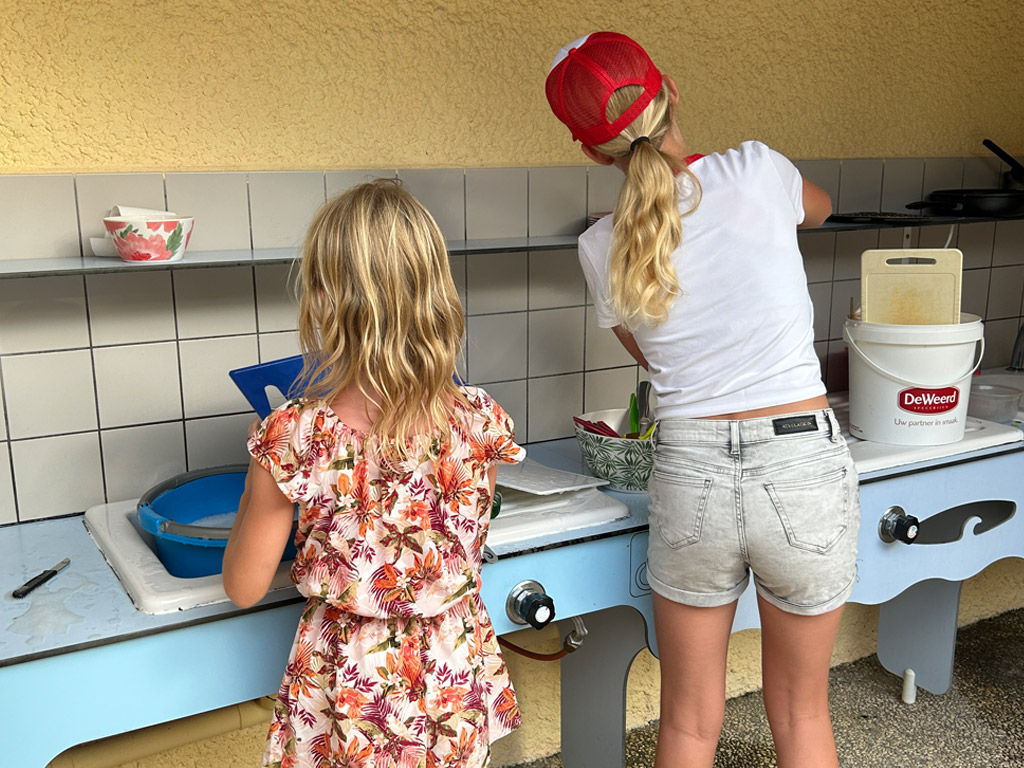 Zelfs de kinderen vinden het leuk bij de afwas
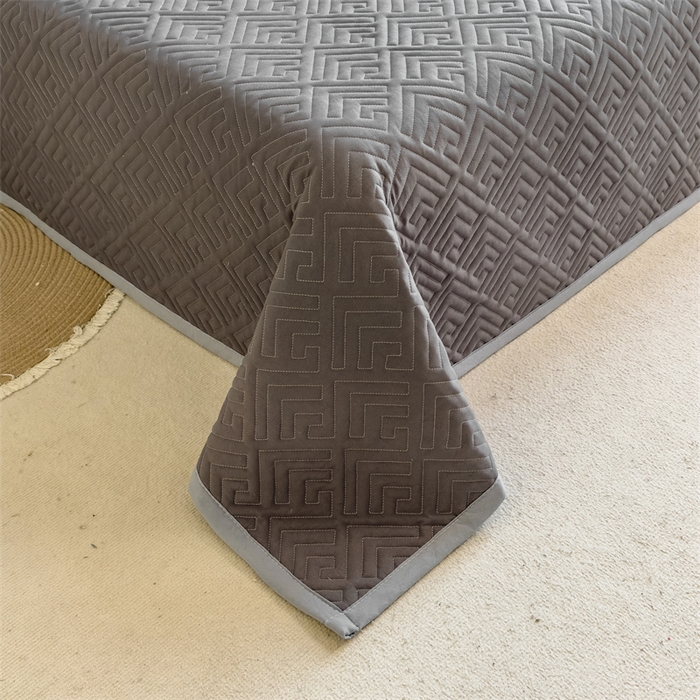 91家纺网 家纺一手货源 找家纺 叠派家纺 2024新款水洗棉回字纹夹棉床盖 星空灰-月光灰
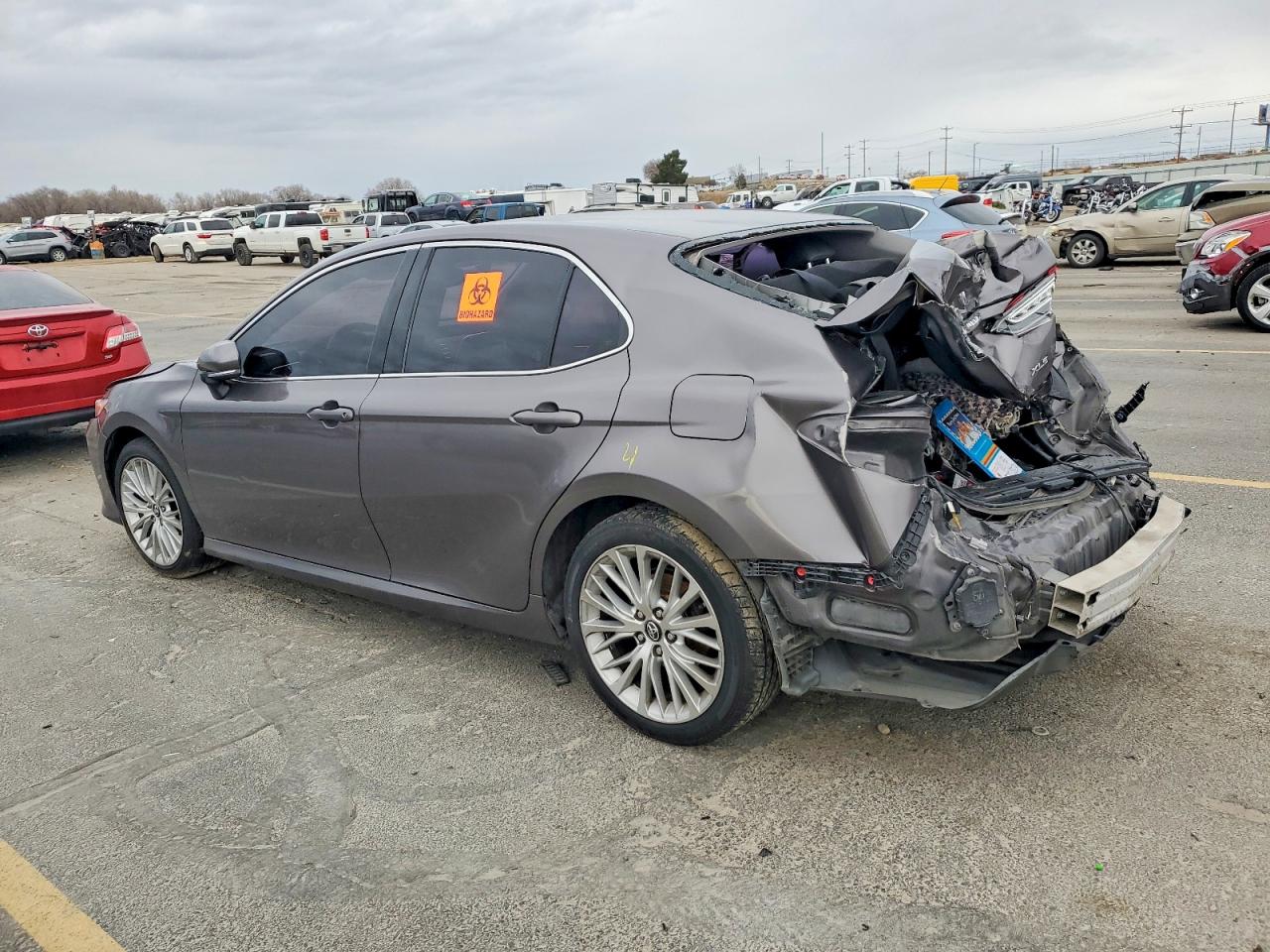2018 TOYOTA CAMRY L photo 2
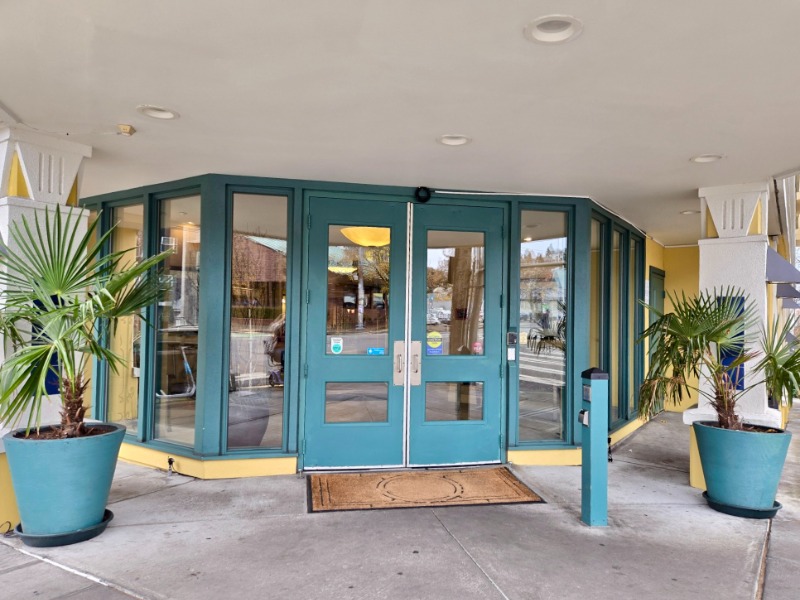 Mediterranean Inn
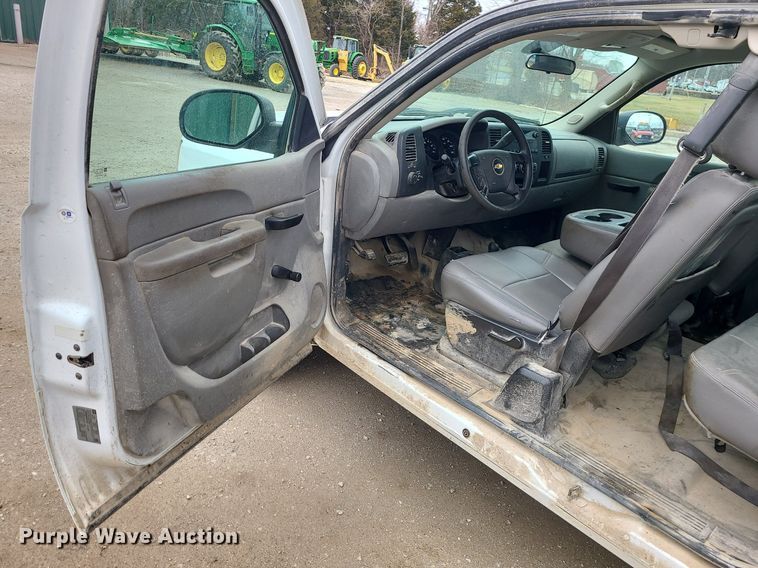 image for item JG9402 2012 Chevrolet Silverado 1500  Ext. Cab pickup truck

Activity:
Omitting the images, output each record precisely as written.

Written answer:
 Zelfs de kinderen vinden het leuk bij de afwas
 91家纺网 家纺一手货源 找家纺 叠派家纺 2024新款水洗棉回字纹夹棉床盖 星空灰-月光灰
2018 TOYOTA CAMRY L photo 2
 Mediterranean Inn
 image for item JG9402 2012 Chevrolet Silverado 1500  Ext. Cab pickup truck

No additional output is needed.